● EXERCISE DATA:
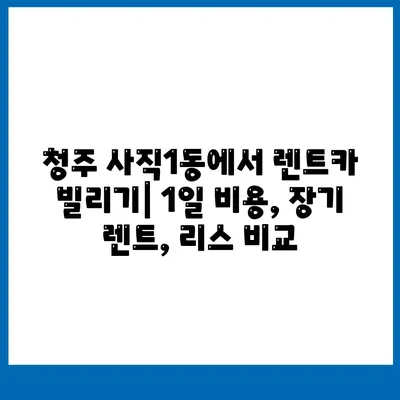 충청북도 청주시 서원구 사직1동 렌트카 가격비교 | 리스 | 장기대여 | 1일비용 | 비용 | 소카 | 중고 | 신차 | 1박2일 2024후기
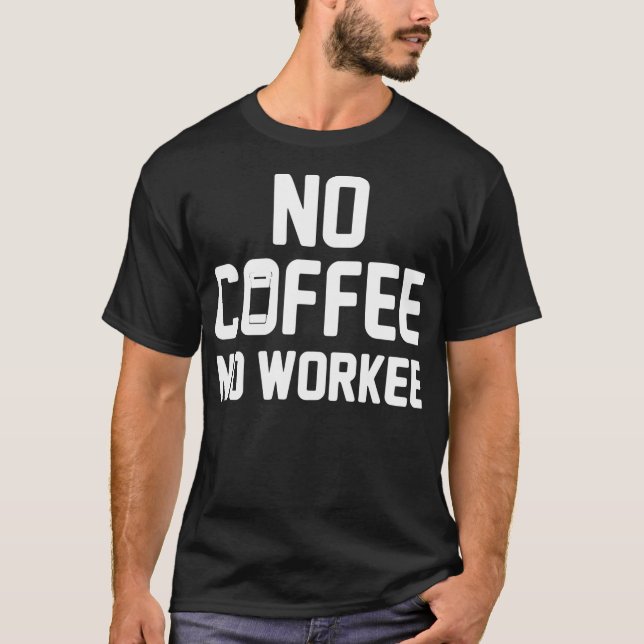 Ingen kaffefödelsedag för kaffe, lustigt koffein t shirt (Framsida)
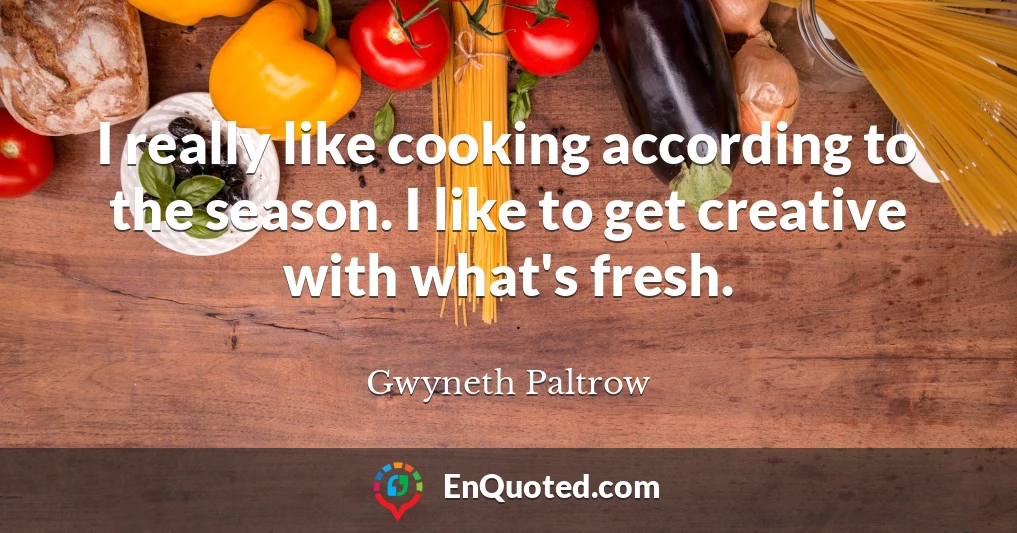 I really like cooking according to the season. I like to get creative with what's fresh.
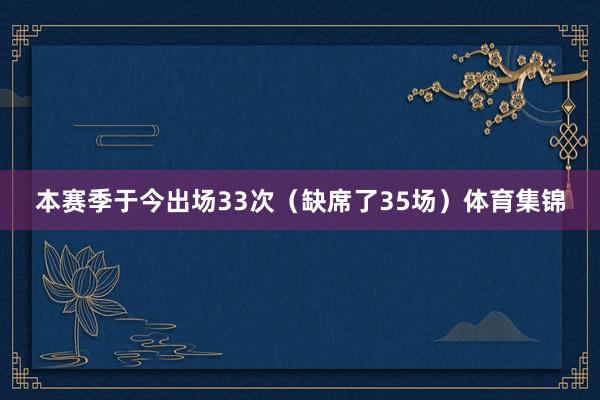 本赛季于今出场33次（缺席了35场）体育集锦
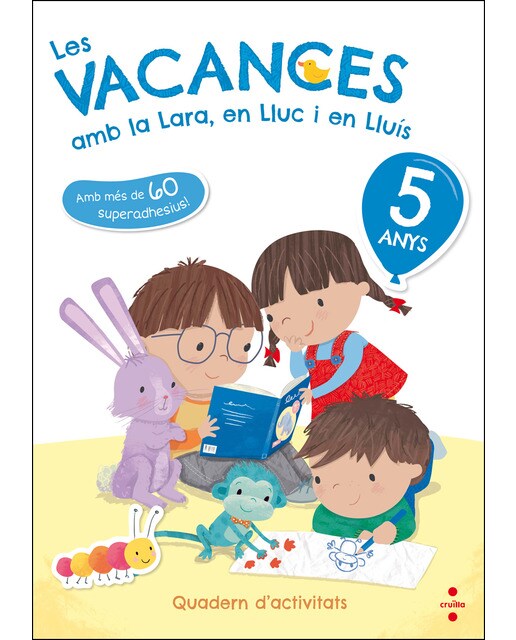 Imagen 0 de Les vacances amb la Lara, en Lluc i en Lluís, 5 anys  (Tapa blanda)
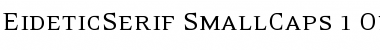 EideticSerif SmallCaps Font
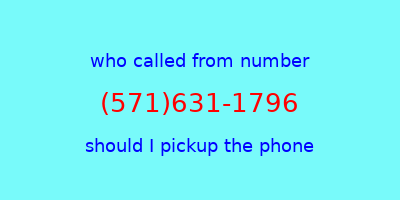 who called me (571)631-1796  should I answer the phone?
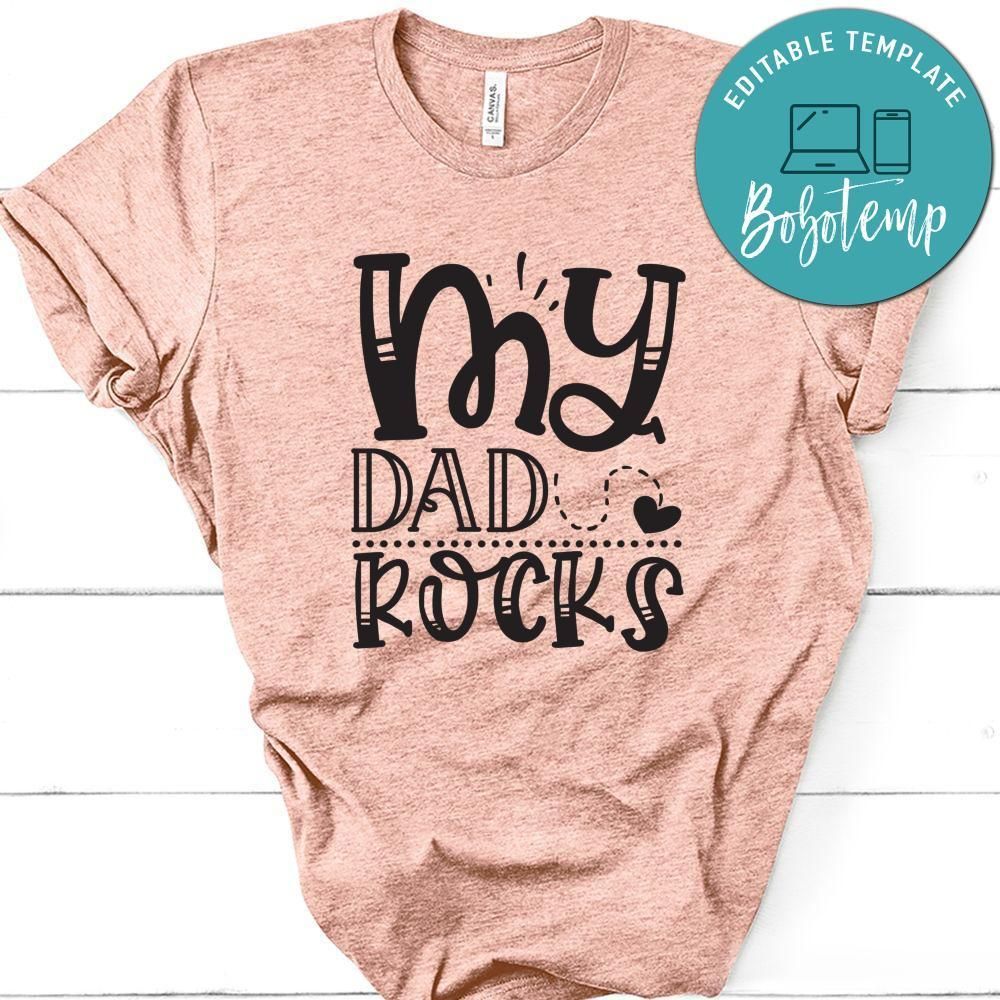 Father’s Day, My Dad Rocks Shirt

● EXERCISE DESCRIPTION: Leave every picture out and copy precisely the lines from the one containing "I really like" through the last line of the data above, both ends included.

● RESULT FOR THIS EXERCISE:
 I really like cooking according to the season. I like to get creative with what's fresh.
 本赛季于今出场33次（缺席了35场）体育集锦
 Imagen 0 de Les vacances amb la Lara, en Lluc i en Lluís, 5 anys  (Tapa blanda)
 EideticSerif SmallCaps Font
 who called me (571)631-1796  should I answer the phone?
 Father’s Day, My Dad Rocks Shirt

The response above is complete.